Surface soil moisture and vegetation optical depth (VOD), as an indicator of vegetation wet biomass, from passive microwave remote sensing have been increasingly applied in global ecology and climate research. Both soil moisture and VOD are retrieved from satellite brightness temperature measurements assuming a zeroth order radiative transfer model, commonly known as the tau-omega model. In this model the emission of a vegetated surface is dependent on soil moisture, vegetation absorption and vegetation scattering. Vegetation scattering is normally represented by the single scattering albedo, ω, and is commonly assumed to be a time-invariant calibration parameter to achieve high accuracy in soil moisture estimation. Therefore, little is known about ω dynamics in the context of its ecological information content. Furthermore, VOD and ω are functions of more fundamental absorption and scattering coefficients κa and κs. In this study, we retrieve both VOD and ω as well as κa and κs in two separate tau-omega model frameworks using known soil moisture information. Our sensitivity analysis confirms that vegetation attenuation has a strong impact on the sensitivity of the retrieval to noise. If vegetation attenuation approaches zero, ω is weakly constrained, which leads to strong ω dynamics. If vegetation attenuation is very high, VOD, κa and κs are increasingly less constrained and susceptible to noise, while ω becomes quasi time-invariant. Coinciding with our sensitivity study, global retrievals from SMAP brightness temperatures exhibit large ω dynamics in drylands and deserts, decreasing rapidly with increasing vegetation cover.

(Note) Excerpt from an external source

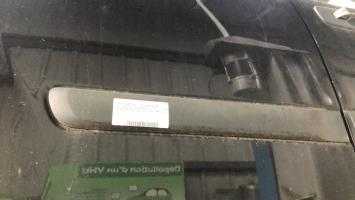 Moldura de puerta trasera derecha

In drylands ω might peak during the dry season at the seasonal VOD minimum. With increasing vegetation attenuation, ω dynamics start to follow leaf phenology before they transition to a nearly time-invariant ω in forested areas. VOD, κa and κs follow the dynamics of wet biomass and peak after the maximum of leaf area index and precipitation. Our results suggest that zeroth order scattering is generally time-invariant over a majority of the global vegetated areas. In general, time dynamic ω and κs might provide additional information on the state of the vegetation canopy, which can be valuable for biosphere studies and relevant for the parameterization of vegetation scattering in soil moisture retrievals.